▶ **Directions**: Restate word for word the opening line of the data below and every line after it until the line with "Notre-V 2213 Slippers", that line too, but not the pictures.

▶ **Exercise material**:

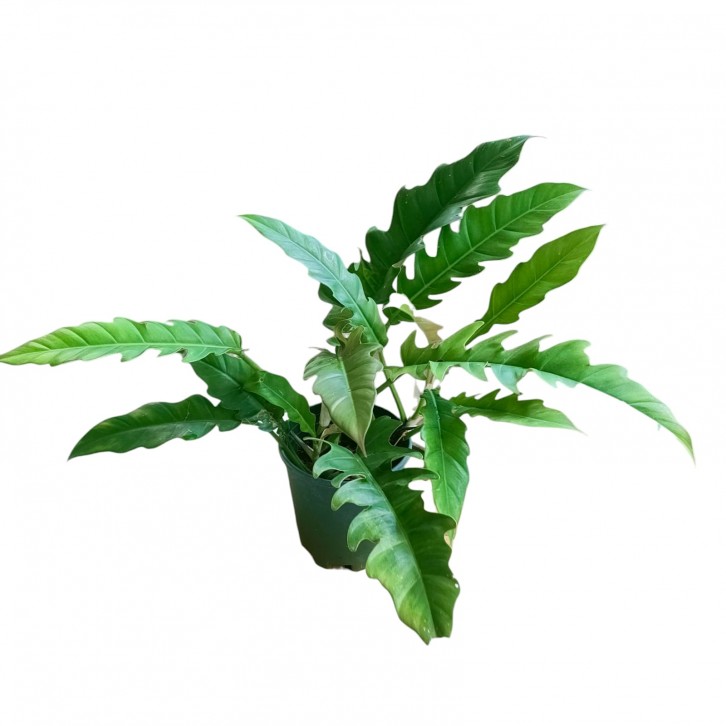 Philodendron 'Ring of Fire'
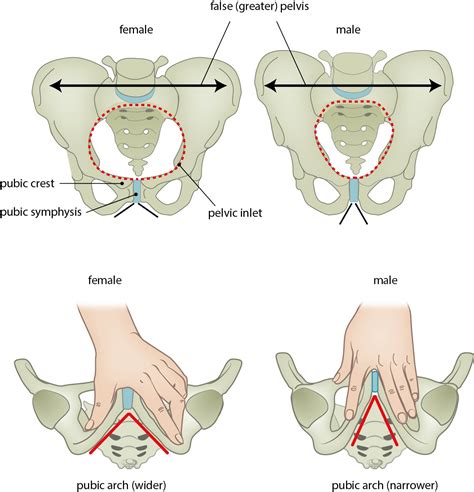 Male Vs Female Pelvis Differences Anatomy Of Skeleton, 55% OFF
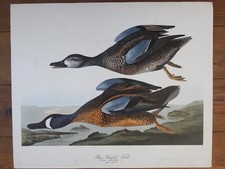 John James Audubon-Blue-Winged Teal-original print from The Folio-1964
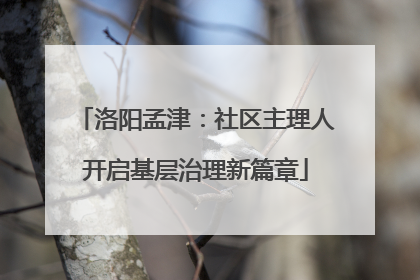洛阳孟津：社区主理人开启基层治理新篇章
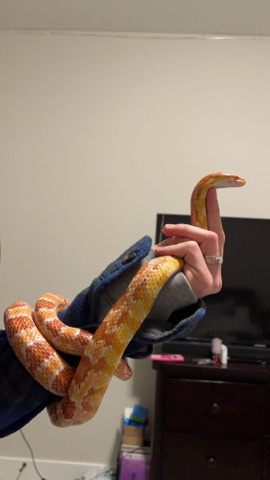 Corn snake
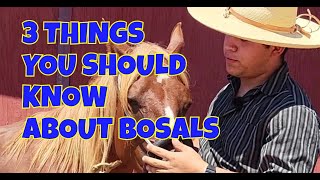 3 MOST IMPORTANT THINGS ABOUT BOSALS [upl. by Tnomyar157]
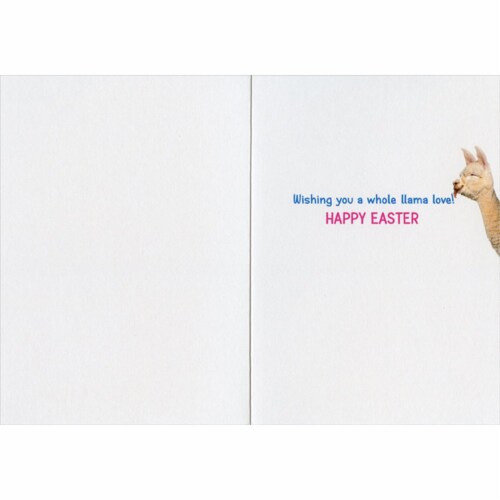 Avanti Llama and Chocolate Bunny Funny / Humorous Easter Card Perspective: back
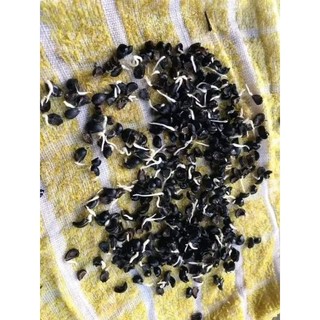 1 Lạng hạt giống rau ngót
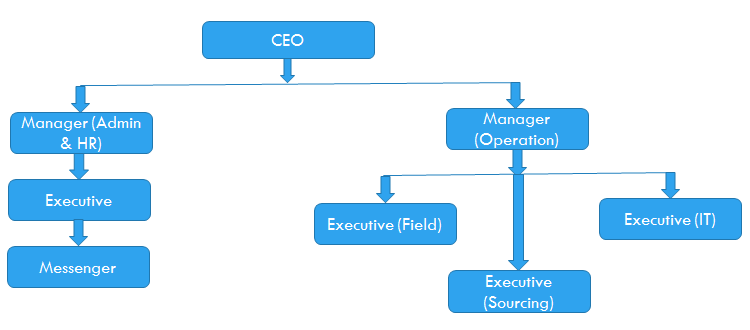 Organogram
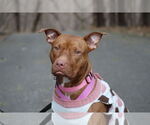 Small #9 Bullboxer Pit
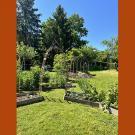 Photographie couleur du jardin pédagogique du MDSM en été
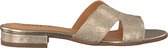 Notre-V 2213 Slippers - Dames - Goud - Maat 38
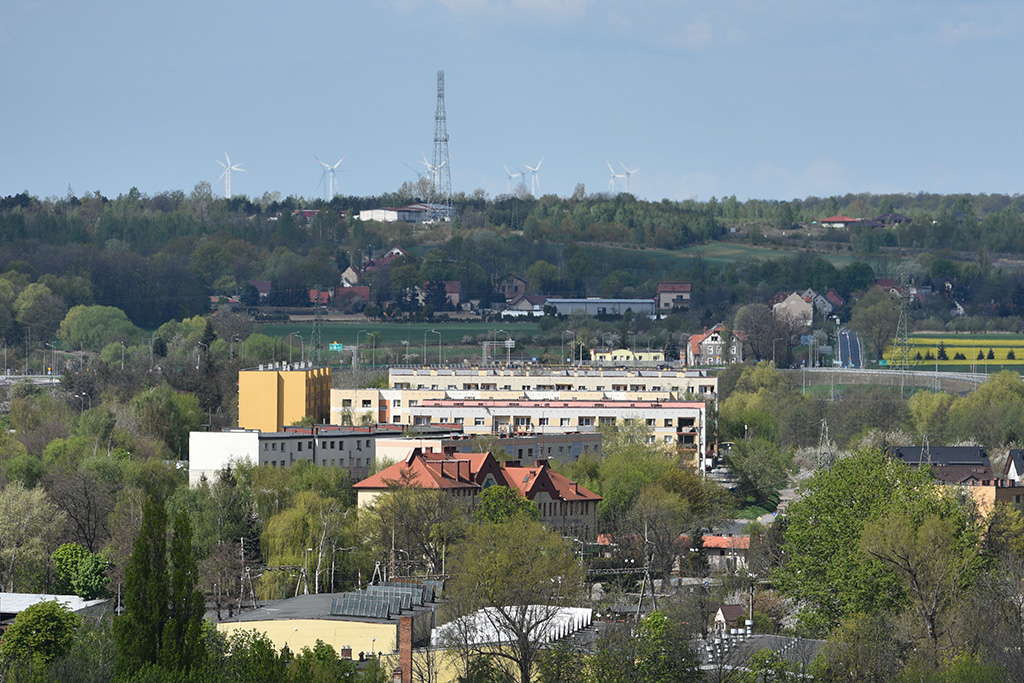 Zobacz niesamowite widoki z wieży św. Piotra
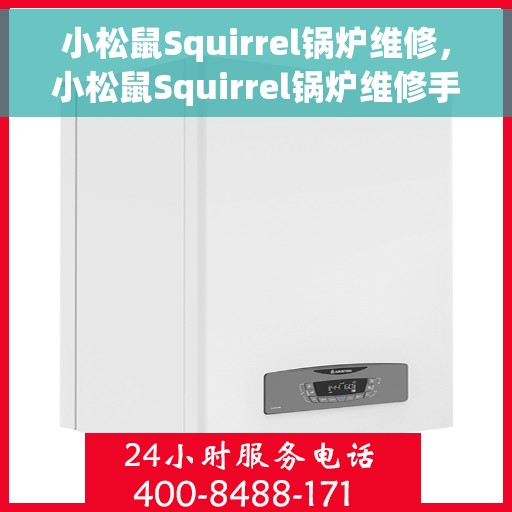 小松鼠Squirrel锅炉维修，小松鼠Squirrel锅炉维修手册，专业指南与技巧揭秘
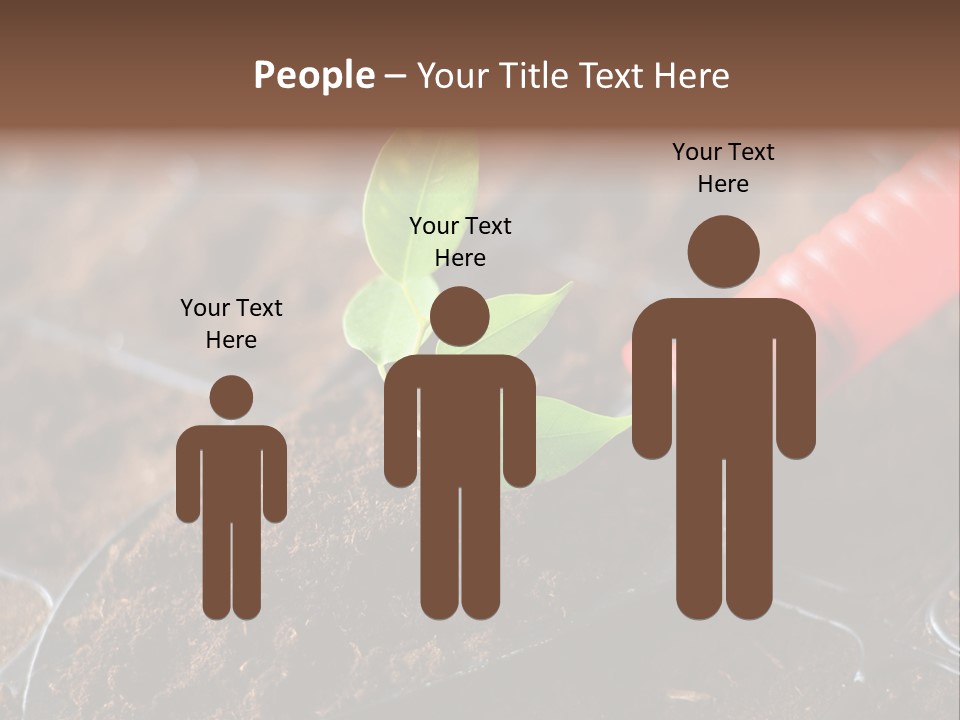 Seedling Soil Growth PowerPoint Template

▶ **Answer for this exercise**:
 Philodendron 'Ring of Fire'
 Male Vs Female Pelvis Differences Anatomy Of Skeleton, 55% OFF
 John James Audubon-Blue-Winged Teal-original print from The Folio-1964
洛阳孟津：社区主理人开启基层治理新篇章
 Corn snake
 3 MOST IMPORTANT THINGS ABOUT BOSALS [upl. by Tnomyar157]
 Avanti Llama and Chocolate Bunny Funny / Humorous Easter Card Perspective: back
 1 Lạng hạt giống rau ngót
 Organogram
 Small #9 Bullboxer Pit
 Photographie couleur du jardin pédagogique du MDSM en été
 Notre-V 2213 Slippers - Dames - Goud - Maat 38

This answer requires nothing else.